Nella concezione classica popolo non è la multitudo indistinta, i «molti» che agiscono al di fuori delle regole; piuttosto esso è popolus, sono i cittadini sommati insieme, una somma algebrica in cui sono comprese dunque le differenze di orientamento. Apparentemente la multitudo è ciò che chiamiamo (specie in questo periodo di «girotondi») «piazza», mentre il vero potere democratico si esprime nella forma della rappresentanza: consigli circoscrizionali, comunali, provinciali, regionali, le due Camere, il Parlamento Europeo.
Ma, a guardare le cose con occhio storico, ci rendiamo conto che c'è «piazza» e «piazza»: un conto sono le «adunate oceaniche» alle quali si doveva andare perché il «capo» convocava e una volta schierati sotto il suo balcone non si poteva far altro che osannare ad ogni sua frase; un altro conto sono i luoghi (fisici e metaforici) nei quali i cittadini, ossia frazioni di cittadinanza, si recano liberamente, senza costrizione né materiale né immateriale, per esprimere le proprie posizioni politiche in merito a singole questioni, per rendere esplicito il loro dissenso o consenso a fatti politici interni o internazionali, anche per gridare (negli spazi ampi diventa inevitabile) quel dissenso o quel consenso.

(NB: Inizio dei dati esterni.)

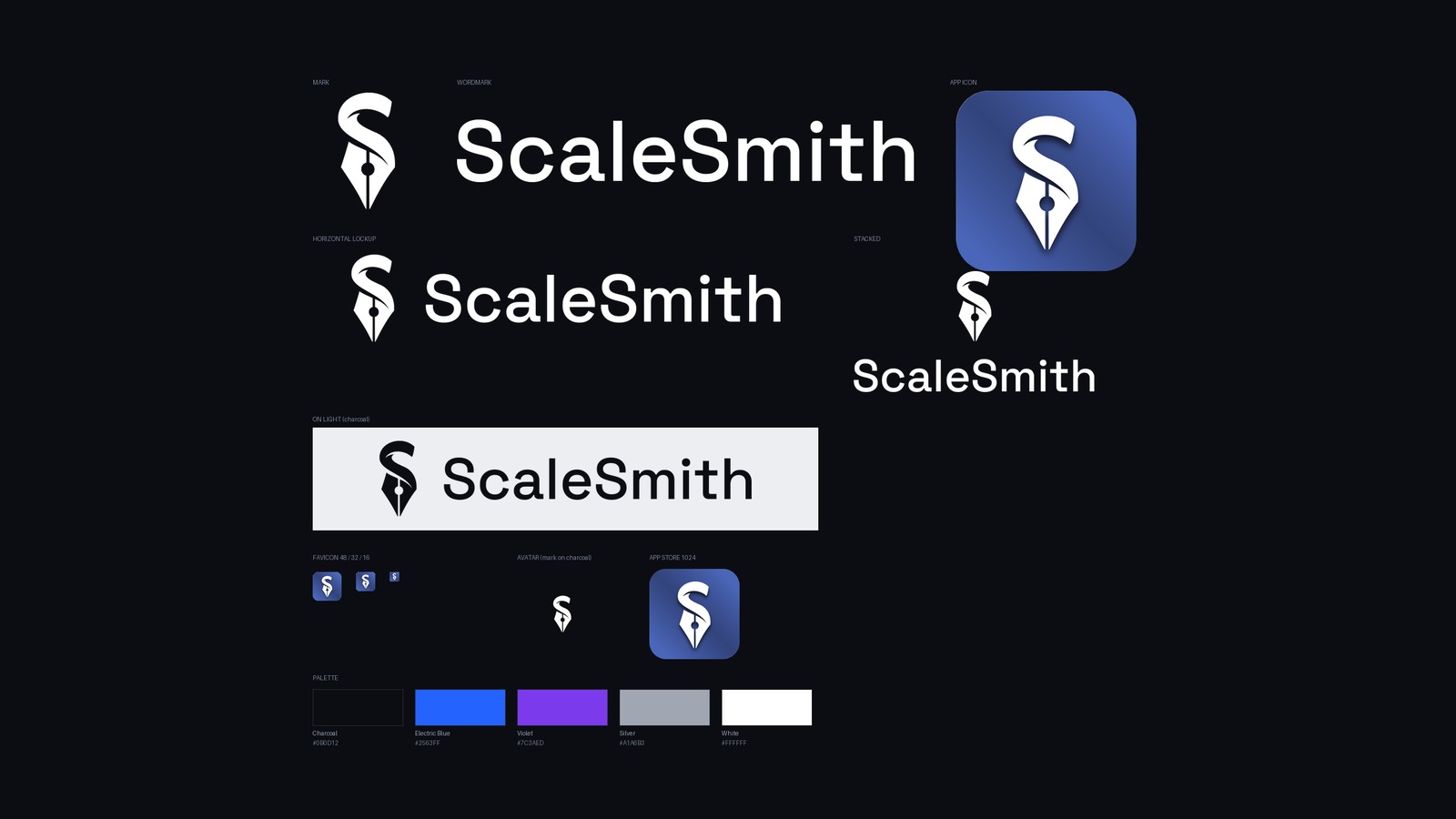 The full ScaleSmith identity system — mark, wordmark, lockups, app icon, and palette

Come dimenticare, d'altronde, che proprio nella piazza - l'agorà dei Greci - è nata la democrazia? Che nella piazza i cittadini si riunivano per discutere, litigare, e infine deliberare? E allora perché stupirsi se, come innumerevoli volte in passato, sia recente che remoto, dei cittadini «scendono in piazza» per esprimere il loro sentire e il loro pensare? Perché temere che ciò attenti alla democrazia?
Quello che è certo, però, è che nella piazza non si delibera, perché i cittadini, presi singolarmente, ad uno ad uno, non possono far contare la loro opinione; e, in mancanza di una democrazia assembleare, diretta, dobbiamo accontentarci di quella indiretta, fondata sulla rappresentanza, e sapere che alla fine come singoli contiamo quando, nelle diverse istanze, esprimiamo il nostro voto.
Andiamo pure in piazza, insomma, ma, quand'è il momento, non disertiamo le urne.